Above all, he is a great man manager. He quickly finds your strengths and weaknesses as a player and knows how to get you performing.

He gets the balance of praise and constructive criticism just right, in order to get the very best out of the individuals in the team.

I would say recently is the best I have performed in my career and my Player of the Month nomination for December was recognition of the work me and my Brentford teammates have been doing.

It feels like a real group effort every time we go out on the pitch and that has shown both on and off the field.

At the same time as myself being nominated for an award before Christmas my teammate, Lasse Vibe, was in the mix for the PFA Player of the Month prize.

We have players who are topping stats charts left, right and centre and we have some real depth and versatility in the team. This means we can attack from all areas, whereas in the past we have maybe been reliant on one or two individuals.

Personally, I like to get on the ball and make things happen, helping the team to score goals by creating chances. I think I could probably add more goals to my game by getting behind the opposition defence more regularly.

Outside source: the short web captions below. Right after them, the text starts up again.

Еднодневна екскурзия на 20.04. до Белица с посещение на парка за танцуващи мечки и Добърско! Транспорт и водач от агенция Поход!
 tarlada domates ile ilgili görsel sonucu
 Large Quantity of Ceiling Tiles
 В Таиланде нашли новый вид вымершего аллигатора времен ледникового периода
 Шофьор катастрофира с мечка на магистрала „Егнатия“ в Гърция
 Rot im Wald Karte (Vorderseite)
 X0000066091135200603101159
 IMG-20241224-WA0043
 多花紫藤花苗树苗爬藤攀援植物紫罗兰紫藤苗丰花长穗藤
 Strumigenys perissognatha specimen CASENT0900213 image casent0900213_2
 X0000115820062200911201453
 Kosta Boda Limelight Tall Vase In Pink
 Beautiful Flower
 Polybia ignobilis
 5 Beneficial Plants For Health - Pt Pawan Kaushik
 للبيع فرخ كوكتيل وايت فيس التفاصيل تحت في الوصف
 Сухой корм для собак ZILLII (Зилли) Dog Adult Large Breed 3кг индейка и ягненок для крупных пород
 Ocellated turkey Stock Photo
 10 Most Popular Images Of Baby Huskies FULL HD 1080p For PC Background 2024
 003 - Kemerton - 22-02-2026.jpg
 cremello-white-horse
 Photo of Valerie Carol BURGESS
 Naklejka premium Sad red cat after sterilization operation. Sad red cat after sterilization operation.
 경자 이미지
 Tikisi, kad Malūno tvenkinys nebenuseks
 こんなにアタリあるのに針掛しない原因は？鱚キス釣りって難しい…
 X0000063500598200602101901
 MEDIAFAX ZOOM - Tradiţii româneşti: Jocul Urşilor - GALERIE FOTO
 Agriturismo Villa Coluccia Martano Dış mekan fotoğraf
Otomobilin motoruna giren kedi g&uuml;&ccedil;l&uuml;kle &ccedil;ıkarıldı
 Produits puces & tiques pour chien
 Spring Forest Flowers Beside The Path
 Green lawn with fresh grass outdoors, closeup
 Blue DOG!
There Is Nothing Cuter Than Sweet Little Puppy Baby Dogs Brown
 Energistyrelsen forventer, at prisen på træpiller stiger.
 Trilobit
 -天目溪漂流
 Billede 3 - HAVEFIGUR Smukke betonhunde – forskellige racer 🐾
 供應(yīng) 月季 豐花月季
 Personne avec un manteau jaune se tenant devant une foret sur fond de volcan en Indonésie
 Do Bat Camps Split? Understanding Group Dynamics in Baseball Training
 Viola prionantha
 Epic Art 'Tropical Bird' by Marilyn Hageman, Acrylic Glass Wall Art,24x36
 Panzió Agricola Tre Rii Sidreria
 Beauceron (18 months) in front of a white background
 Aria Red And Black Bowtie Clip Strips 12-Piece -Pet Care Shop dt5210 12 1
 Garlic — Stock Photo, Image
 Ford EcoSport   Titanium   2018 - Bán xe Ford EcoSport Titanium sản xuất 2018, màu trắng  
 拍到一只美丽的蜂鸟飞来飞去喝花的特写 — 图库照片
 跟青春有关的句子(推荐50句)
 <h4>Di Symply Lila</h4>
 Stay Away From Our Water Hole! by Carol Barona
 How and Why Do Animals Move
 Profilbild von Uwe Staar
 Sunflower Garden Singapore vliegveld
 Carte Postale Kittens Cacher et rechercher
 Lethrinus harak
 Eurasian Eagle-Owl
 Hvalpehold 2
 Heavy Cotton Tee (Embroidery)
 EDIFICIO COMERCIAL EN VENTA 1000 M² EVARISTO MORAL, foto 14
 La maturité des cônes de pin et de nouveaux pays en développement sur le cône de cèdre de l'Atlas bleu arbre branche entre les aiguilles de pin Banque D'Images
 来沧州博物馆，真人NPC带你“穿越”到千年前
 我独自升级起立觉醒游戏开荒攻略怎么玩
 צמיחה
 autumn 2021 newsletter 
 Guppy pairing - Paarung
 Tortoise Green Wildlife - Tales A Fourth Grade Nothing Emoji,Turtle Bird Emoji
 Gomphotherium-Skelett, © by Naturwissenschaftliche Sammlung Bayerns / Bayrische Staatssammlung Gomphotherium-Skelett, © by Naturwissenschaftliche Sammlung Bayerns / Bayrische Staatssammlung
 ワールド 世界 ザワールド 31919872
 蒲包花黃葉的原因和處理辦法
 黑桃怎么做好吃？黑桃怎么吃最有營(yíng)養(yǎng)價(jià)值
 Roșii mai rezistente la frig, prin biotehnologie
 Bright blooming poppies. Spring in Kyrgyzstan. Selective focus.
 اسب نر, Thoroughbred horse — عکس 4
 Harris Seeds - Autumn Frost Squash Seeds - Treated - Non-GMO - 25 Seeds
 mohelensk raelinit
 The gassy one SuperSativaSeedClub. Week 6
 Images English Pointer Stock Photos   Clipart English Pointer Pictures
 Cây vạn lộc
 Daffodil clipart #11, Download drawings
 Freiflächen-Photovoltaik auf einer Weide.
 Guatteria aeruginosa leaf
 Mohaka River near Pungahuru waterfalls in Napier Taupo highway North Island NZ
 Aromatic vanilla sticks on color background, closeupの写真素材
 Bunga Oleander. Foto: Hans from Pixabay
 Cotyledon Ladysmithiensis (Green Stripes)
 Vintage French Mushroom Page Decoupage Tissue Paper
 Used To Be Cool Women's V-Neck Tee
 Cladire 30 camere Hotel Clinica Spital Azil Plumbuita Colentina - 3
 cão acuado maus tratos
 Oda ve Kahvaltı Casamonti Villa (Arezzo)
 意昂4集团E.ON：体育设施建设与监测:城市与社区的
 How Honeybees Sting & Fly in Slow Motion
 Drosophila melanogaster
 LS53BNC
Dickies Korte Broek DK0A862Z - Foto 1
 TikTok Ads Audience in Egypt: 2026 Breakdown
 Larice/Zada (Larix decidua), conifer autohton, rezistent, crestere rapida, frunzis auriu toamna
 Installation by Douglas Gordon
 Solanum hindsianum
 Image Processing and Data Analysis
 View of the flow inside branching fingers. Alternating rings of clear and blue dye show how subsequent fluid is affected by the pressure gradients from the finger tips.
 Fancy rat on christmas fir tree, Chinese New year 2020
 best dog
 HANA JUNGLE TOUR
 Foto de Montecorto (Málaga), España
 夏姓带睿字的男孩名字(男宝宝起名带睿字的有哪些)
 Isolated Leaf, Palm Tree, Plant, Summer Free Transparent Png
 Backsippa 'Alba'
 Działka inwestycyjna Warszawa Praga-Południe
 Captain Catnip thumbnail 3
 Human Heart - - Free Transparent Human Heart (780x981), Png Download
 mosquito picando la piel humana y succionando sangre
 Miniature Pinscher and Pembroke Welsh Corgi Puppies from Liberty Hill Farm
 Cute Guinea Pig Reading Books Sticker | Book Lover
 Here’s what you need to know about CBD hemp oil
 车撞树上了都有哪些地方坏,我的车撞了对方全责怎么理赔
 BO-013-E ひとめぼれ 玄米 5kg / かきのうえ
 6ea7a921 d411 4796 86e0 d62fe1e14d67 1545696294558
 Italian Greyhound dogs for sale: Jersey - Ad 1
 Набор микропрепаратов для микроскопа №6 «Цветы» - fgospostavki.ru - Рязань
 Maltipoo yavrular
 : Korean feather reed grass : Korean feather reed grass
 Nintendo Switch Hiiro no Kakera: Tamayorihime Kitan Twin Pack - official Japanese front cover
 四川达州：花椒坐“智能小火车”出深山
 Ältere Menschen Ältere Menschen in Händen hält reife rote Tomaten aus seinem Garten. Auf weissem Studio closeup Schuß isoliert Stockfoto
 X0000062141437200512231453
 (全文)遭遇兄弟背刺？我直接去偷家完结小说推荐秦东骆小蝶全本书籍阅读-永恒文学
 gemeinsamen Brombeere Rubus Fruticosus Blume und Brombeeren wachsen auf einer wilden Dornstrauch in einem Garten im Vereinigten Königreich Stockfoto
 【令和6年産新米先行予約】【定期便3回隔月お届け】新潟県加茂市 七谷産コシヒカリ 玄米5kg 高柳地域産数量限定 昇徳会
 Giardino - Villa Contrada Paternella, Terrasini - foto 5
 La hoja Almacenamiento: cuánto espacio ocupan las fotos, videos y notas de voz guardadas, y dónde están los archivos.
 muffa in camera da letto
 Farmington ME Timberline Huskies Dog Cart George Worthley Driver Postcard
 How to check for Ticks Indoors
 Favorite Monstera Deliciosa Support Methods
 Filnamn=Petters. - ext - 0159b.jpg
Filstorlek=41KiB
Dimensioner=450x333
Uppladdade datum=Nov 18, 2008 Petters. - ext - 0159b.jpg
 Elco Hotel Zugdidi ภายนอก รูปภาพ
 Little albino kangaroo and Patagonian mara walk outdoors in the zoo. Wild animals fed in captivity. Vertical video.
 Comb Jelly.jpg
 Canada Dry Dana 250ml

I’ve scored four times this season, so far, but this is something I’m working on in training with the coaching staff at Brentford. We do a lot of work with video analysis to help me and improve this aspect of my game, but it is a work in progress.

Stats are a well known aspect of the backroom work at the club. Personally, I don’t read into them as much as others. I’m a player who prefers to be visual, making decisions and reacting based ‘on the eye’, rather than through what the data says.

It is good when you feel you are in positive form and you consider yourself to be in a good place, then the stats back it up. I prefer to see it as a secondary option, rather than a first.

Having said that, in terms of recruitment, it has shown to be a success time and time again through the players that the club have signed from lower divisions and abroad – there is a lot of talent to be found outside the top English leagues.

I have fond memories from my time with Walsall and being nominated for League One Player of the Year in my final season is probably the best moment of my career to date, alongside signing for Brentford.

However, I also hold a lot of pride in representing my heritage country, Saint Kitts and Nevis .

It is a very fulfilling ambassadorial role, in terms of giving hope and confidence to the youth of the country. Whether it is through football or something else, it is possible to provide for your family and that is the message I like to send.

Every time I go back there I try to motivate them a little bit more.

From a football perspective, it is a different culture and a new style. I think that has helped my game. It is a lot more physical and rough. You get kicked about and you have to learn to deal with that.

Playing for my country means a lot to me because of my family history. If I am there actively with football it gives me the chance to get involved with the people and their community.

Away from the pitch I am also involved in the Kick It Out campaign, which is a role that is very important to me.

I remember growing up and being a young boy wanting to be a professional footballer. It is extremely important that we continue to try and bridge the gap in today’s game.